LinkDID: A Privacy-Preserving, Sybil-Resistant and Key-Recoverable Decentralized Identity Scheme

TL;DR

LinkDID introduces a decentralized identity scheme that enhances privacy, resists Sybil attacks, enables trustless key recovery, and supports anonymous credentials, addressing key vulnerabilities in Web3 identity management.

Contribution

It proposes a novel blockchain-based identity system that links identifiers, resists Sybil attacks, and allows trustless key recovery without trusted intermediaries.

Findings

Effectively resists Sybil attacks as association grows.

Enables trustless key recovery through association structures.

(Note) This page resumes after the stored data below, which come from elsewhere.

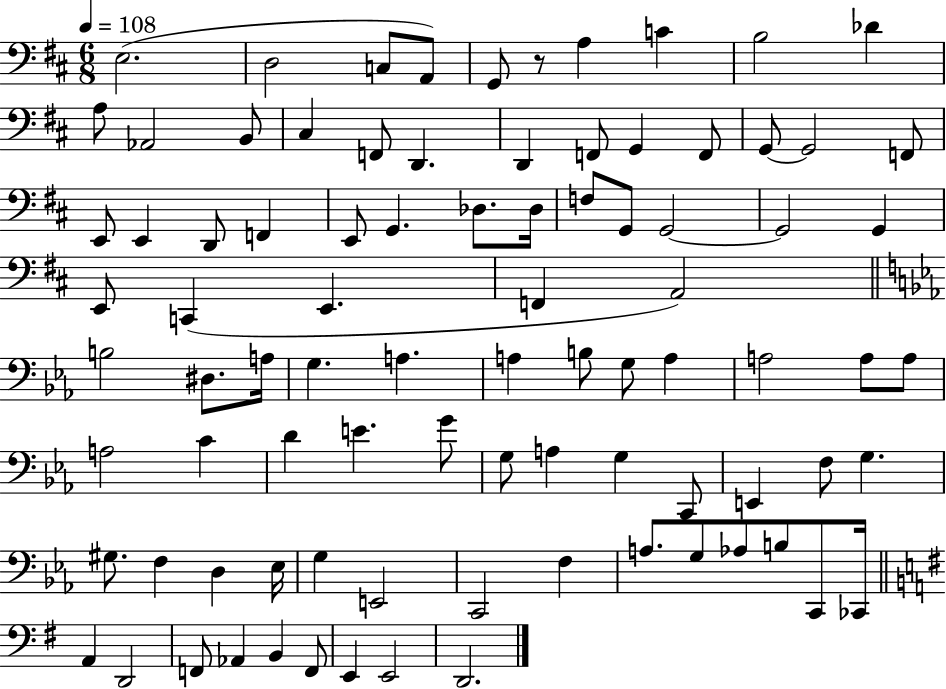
{
  \clef bass
  \numericTimeSignature
  \time 6/8
  \key d \major
  \tempo 4 = 108
  e2.( | d2 c8 a,8) | g,8 r8 a4 c'4 | b2 des'4 | \break a8 aes,2 b,8 | cis4 f,8 d,4. | d,4 f,8 g,4 f,8 | g,8~~ g,2 f,8 | \break e,8 e,4 d,8 f,4 | e,8 g,4. des8. des16 | f8 g,8 g,2~~ | g,2 g,4 | \break e,8 c,4( e,4. | f,4 a,2) | \bar "||" \break \key c \minor b2 dis8. a16 | g4. a4. | a4 b8 g8 a4 | a2 a8 a8 | \break a2 c'4 | d'4 e'4. g'8 | g8 a4 g4 c,8 | e,4 f8 g4. | \break gis8. f4 d4 ees16 | g4 e,2 | c,2 f4 | a8. g8 aes8 b8 c,8 ces,16 | \break \bar "||" \break \key g \major a,4 d,2 | f,8 aes,4 b,4 f,8 | e,4 e,2 | d,2. | \break \bar "|."
}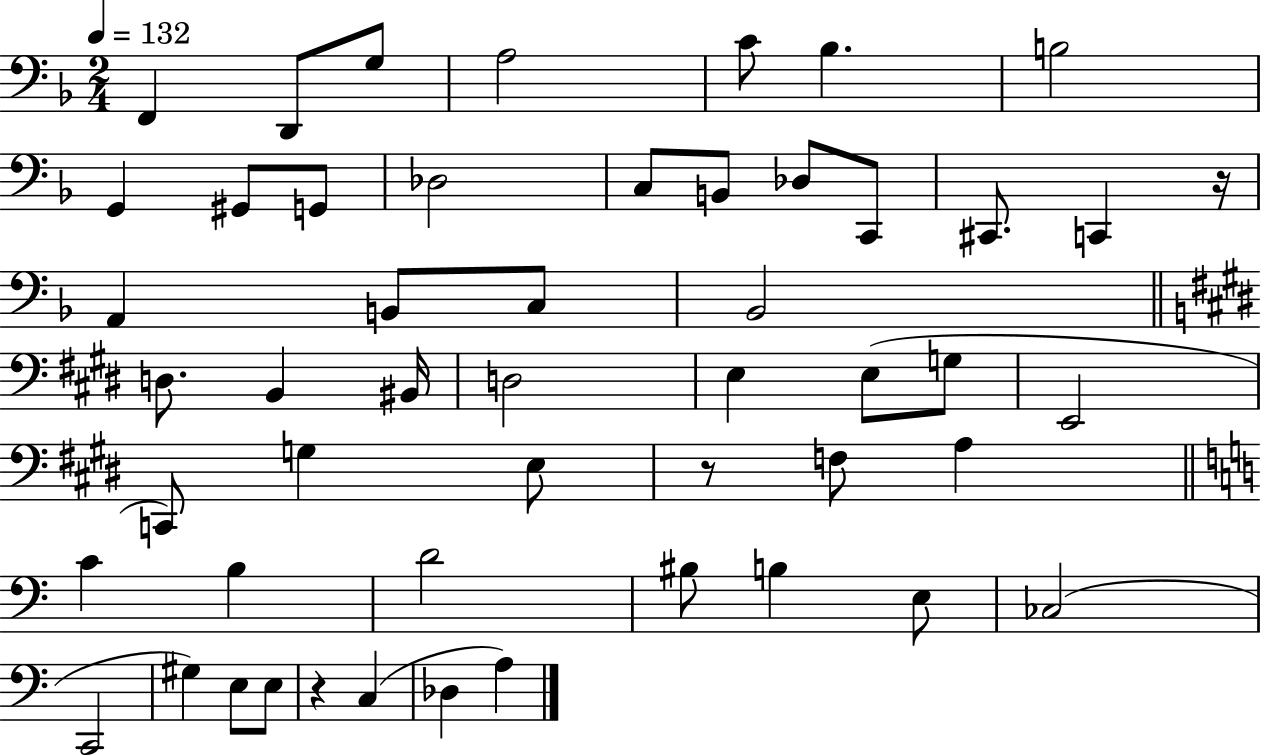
X:1
T:Untitled
M:2/4
L:1/4
K:F
F,, D,,/2 G,/2 A,2 C/2 _B, B,2 G,, ^G,,/2 G,,/2 _D,2 C,/2 B,,/2 _D,/2 C,,/2 ^C,,/2 C,, z/4 A,, B,,/2 C,/2 _B,,2 D,/2 B,, ^B,,/4 D,2 E, E,/2 G,/2 E,,2 C,,/2 G, E,/2 z/2 F,/2 A, C B, D2 ^B,/2 B, E,/2 _C,2 C,,2 ^G, E,/2 E,/2 z C, _D, A,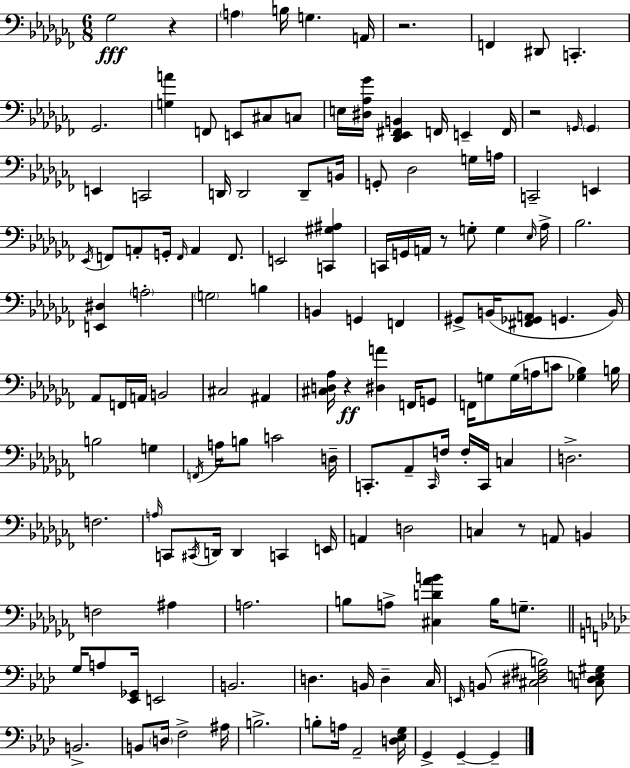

Achieves fast credential presentation on consumer devices.

Abstract

Decentralized identity frameworks grant users full sovereignty over their digital assets in the Web3 ecosystem. However, allowing arbitrary creation of identifiers makes the system susceptible to Sybil attacks and puts assets at risk when keys are lost or compromised. Moreover, the lack of identification prevents anonymous credential schemes from deterring malicious transfers. While existing solutions attempt to address these issues by linking identifiers to entities through trusted intermediaries, these entities are not always accessible and require costly offline interactions. In this work, we introduce LinkDID, a decentralized identity scheme offering Sybil resistance, trustless key recovery, and nontransferable anonymous credentials. LinkDID creates blockchainbased bindings between identifiers and gradually combines identifiers belonging to the same holder into a unified associated identifier. As all identifiers within an association are presumed to belong to one individual, any fraudulent activity can be detected. The association grows larger as interactions increase, substantially reducing the likelihood of successful Sybil attacks. This mechanism allows holders to recover identifiers with lost or stolen keys by proving knowledge of specific association structures. Additionally, LinkDID prevents unauthorized transfers through blockchain-based identifier-key bindings and proofs of ownership for credentials. The evaluation shows that LinkDID effectively achieves progressive Sybil resistance while surpassing state-of-the-art anonymous credential schemes, achieving identifier association and credential presentation times of 2.41s and 3.31s on consumer-grade devices.